EXERCISE DIRECTIONS:
Word for word, copy the lines beginning at the one with "Mr. Jase the Cavachon - Image 2" and ending at the last line below; pictures stay out.

Segment Start: EXERCISE INPUT

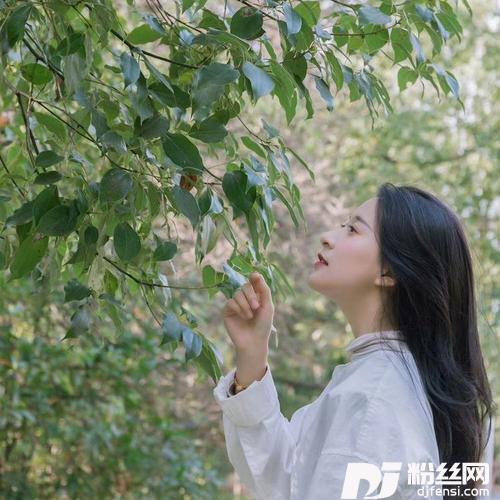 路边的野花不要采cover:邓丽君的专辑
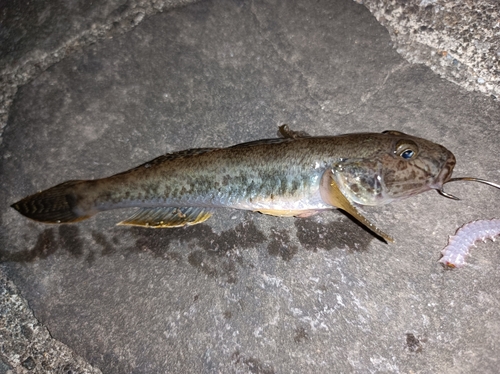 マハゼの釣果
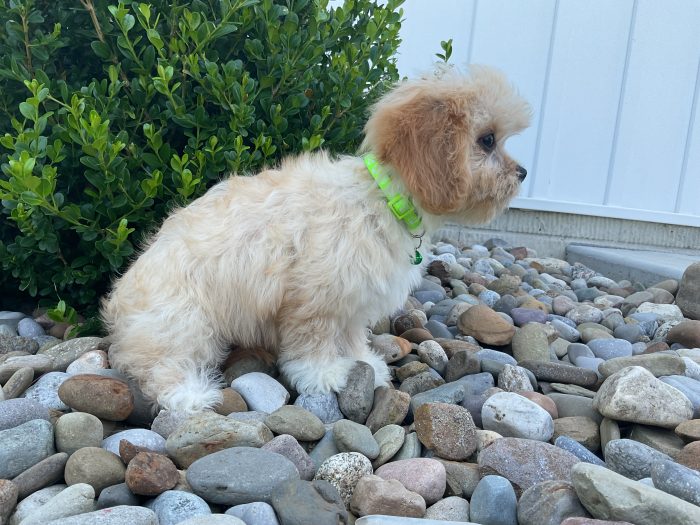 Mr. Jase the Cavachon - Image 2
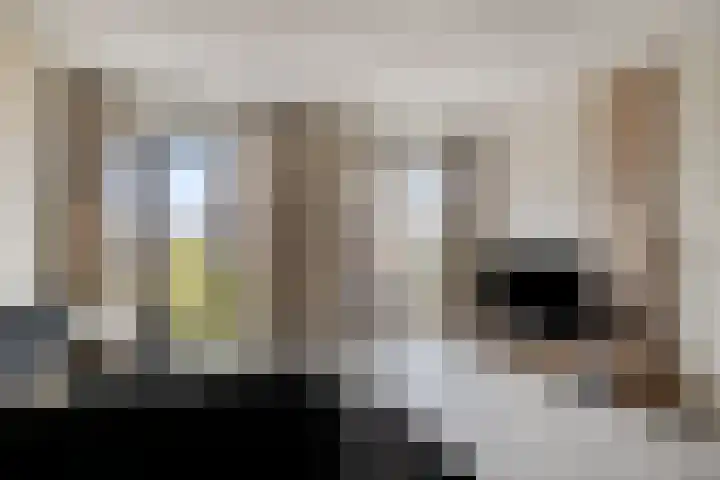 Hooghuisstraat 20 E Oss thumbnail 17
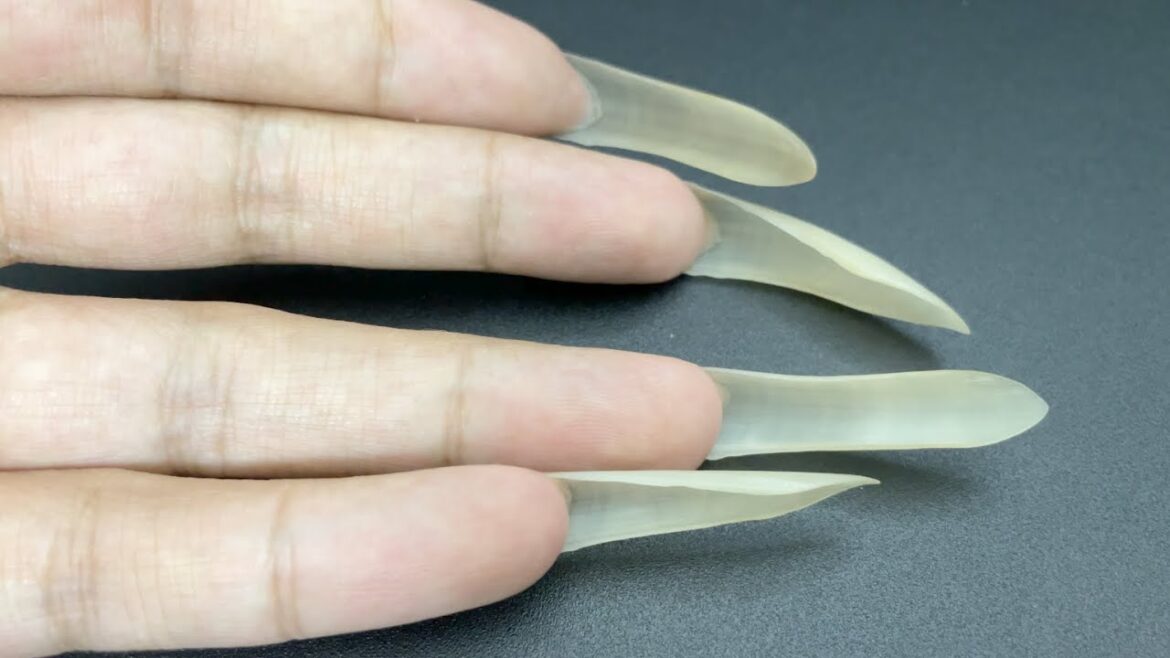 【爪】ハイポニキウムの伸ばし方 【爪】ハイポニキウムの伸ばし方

Segment End: EXERCISE INPUT

SOLUTION FOR THIS PROBLEM:
 Mr. Jase the Cavachon - Image 2
 Hooghuisstraat 20 E Oss thumbnail 17
 【爪】ハイポニキウムの伸ばし方 【爪】ハイポニキウムの伸ばし方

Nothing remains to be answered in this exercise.